Provided material -
------------------------------------------------
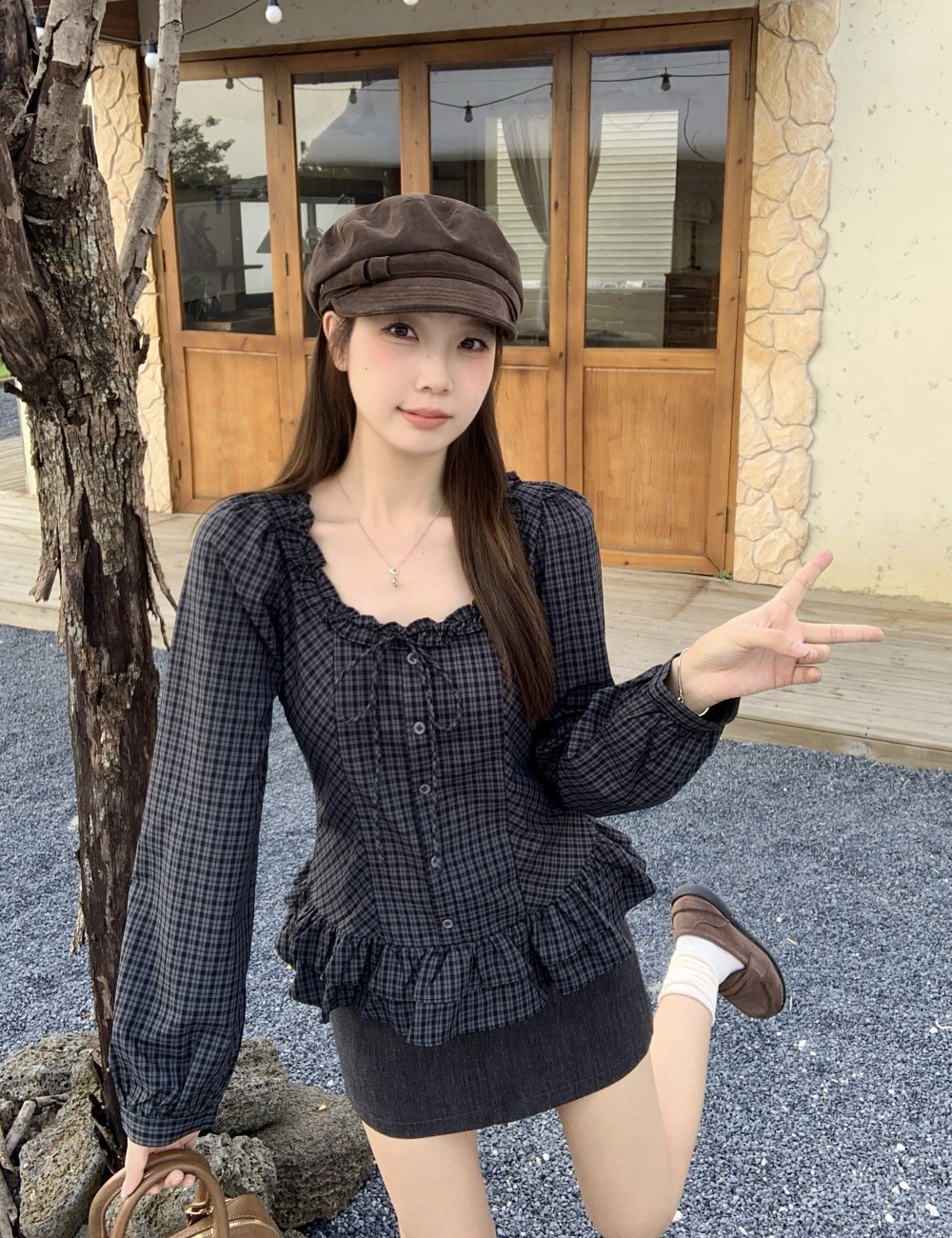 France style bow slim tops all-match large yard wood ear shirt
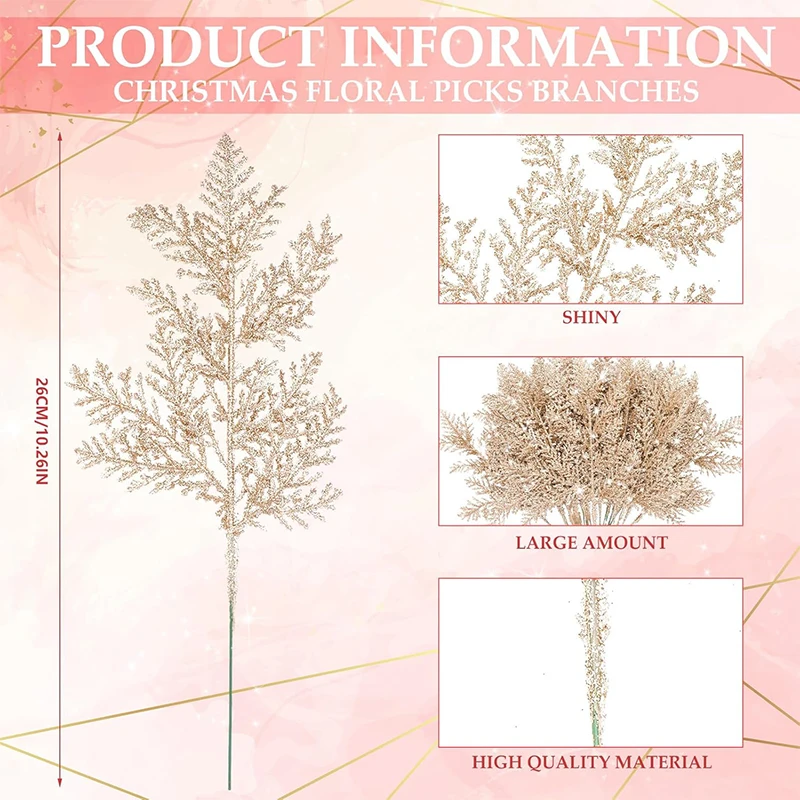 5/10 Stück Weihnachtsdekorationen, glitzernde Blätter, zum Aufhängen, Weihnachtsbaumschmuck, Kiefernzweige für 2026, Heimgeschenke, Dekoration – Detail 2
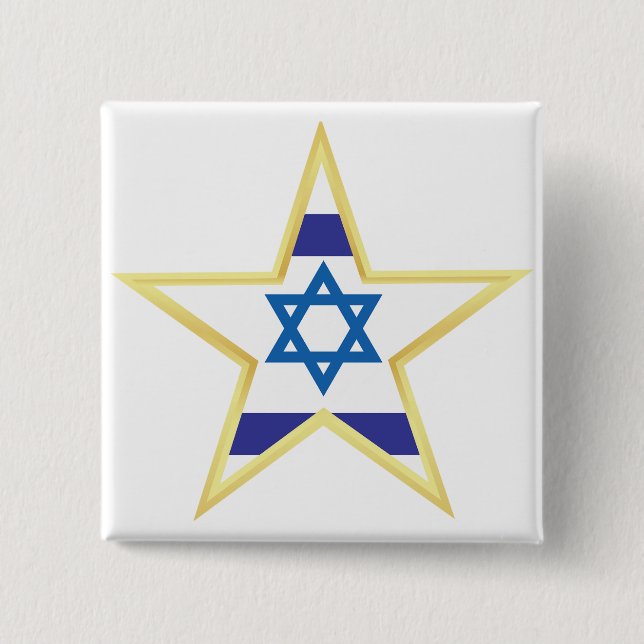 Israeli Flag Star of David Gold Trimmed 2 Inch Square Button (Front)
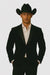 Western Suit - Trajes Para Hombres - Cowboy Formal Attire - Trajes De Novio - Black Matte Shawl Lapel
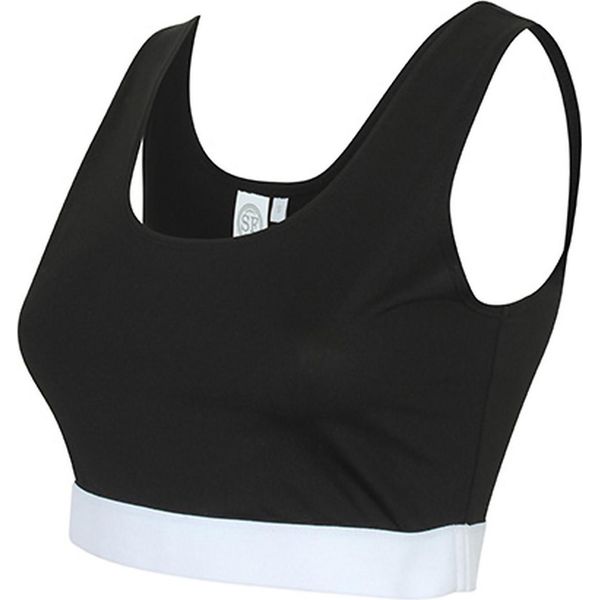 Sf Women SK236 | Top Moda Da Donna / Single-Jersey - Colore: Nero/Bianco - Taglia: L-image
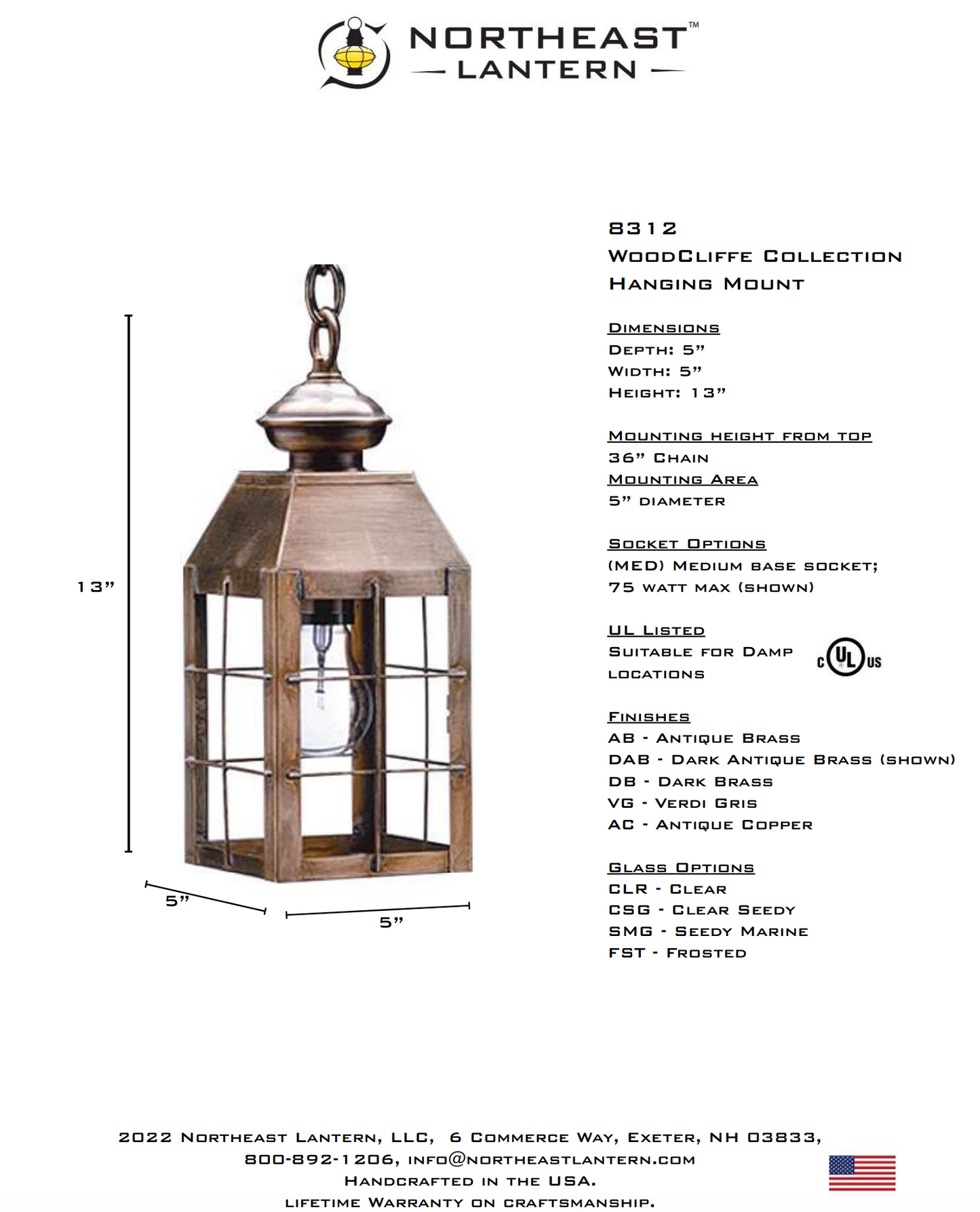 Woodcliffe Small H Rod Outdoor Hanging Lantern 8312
------------------------------------------------
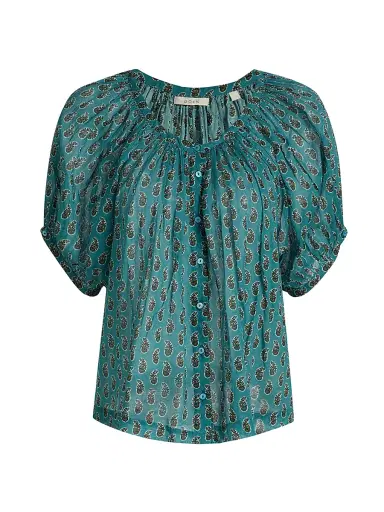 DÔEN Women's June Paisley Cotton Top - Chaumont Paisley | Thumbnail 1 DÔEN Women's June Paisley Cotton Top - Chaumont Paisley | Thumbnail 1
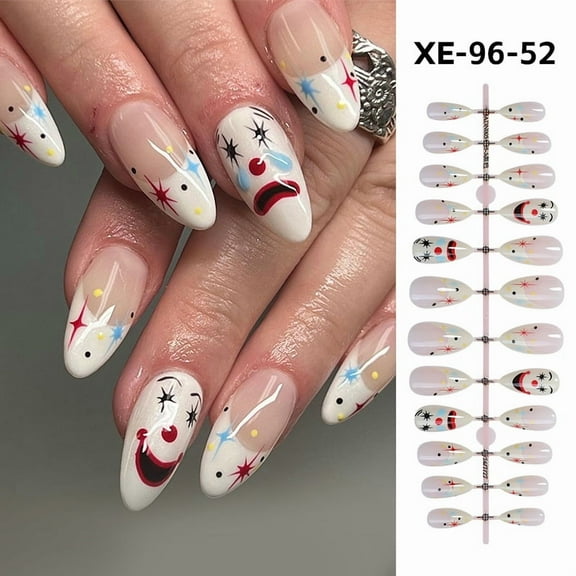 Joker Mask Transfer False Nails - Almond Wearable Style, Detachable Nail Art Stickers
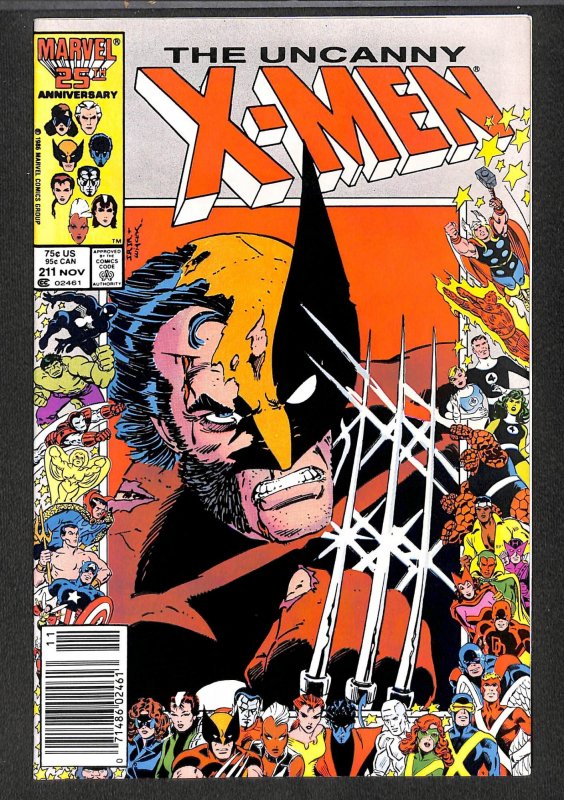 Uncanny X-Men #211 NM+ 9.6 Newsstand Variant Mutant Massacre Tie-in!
------------------------------------------------
Work to be completed -
Your answer should consist of the lines above between those holding "5/10 Stück Weihnachtsdekorationen, glitzernde" and "Woodcliffe Small H", inclusive, reproduced word for word and without pictures.

Output of the exercise -
 5/10 Stück Weihnachtsdekorationen, glitzernde Blätter, zum Aufhängen, Weihnachtsbaumschmuck, Kiefernzweige für 2026, Heimgeschenke, Dekoration – Detail 2
 Israeli Flag Star of David Gold Trimmed 2 Inch Square Button (Front)
 Western Suit - Trajes Para Hombres - Cowboy Formal Attire - Trajes De Novio - Black Matte Shawl Lapel
 Sf Women SK236 | Top Moda Da Donna / Single-Jersey - Colore: Nero/Bianco - Taglia: L-image
 Woodcliffe Small H Rod Outdoor Hanging Lantern 8312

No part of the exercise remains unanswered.